Ivan Illich describes the complex relationship of the light emanating from the manuscript’s page to the reader’s eye in the following analysis of the 12th-century theologian Hugh of St. Victor’s writings: ‘The light of medieval manuscripts “seeks” the eye, as God “reaches out” to the soul…. For Hugh the page radiates, but not only the page; the eye also sparkles’. Reading is a means of bringing light back into the world that was darkened through sin, according to Hugh of St. Victor. This idea of the reader’s enlightenment relates in an metaphoric way to the light source in manuscript paintings.

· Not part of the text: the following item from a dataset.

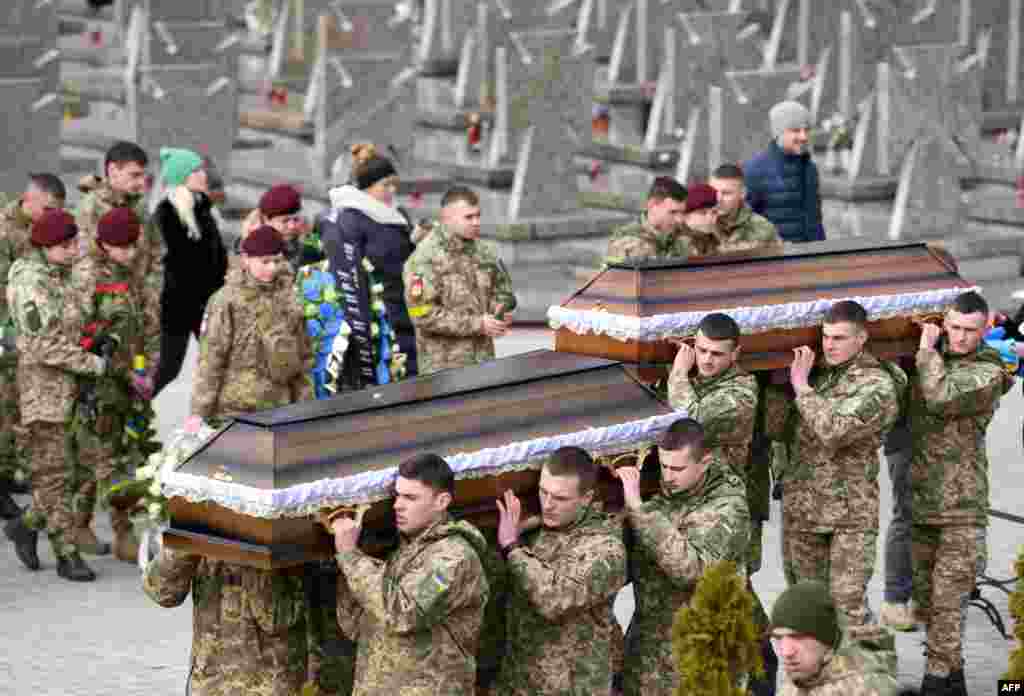 Servicemen carry coffins during funerals of Dmytro Kotenko, Vasyl Vyshyvany and Kyrylo Moroz, Ukrainian servicemen killed during Russia&#39;s invasion of Ukraine, at Lychakiv cemetery in the western city of Lviv, March 9, 2022.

Light may not carry the associations with the Divine that it did for Hugh, but today we’re still preoccupied with this interrelationship between the surface, the light source, and the viewer’s eyes. To bring the discussion full circle, Jens Stenger, former Harvard conservation scientist, made this comment about the thought process behind the new conservation technique employed on the Rothko murals: ‘In human color perception you have a light source, a surface, and a viewer, and the three interact. If you can’t change the surface, you can change the light source to change the color’. The interplay of these basic elements is infinite and ensures our continued fascination with the subject.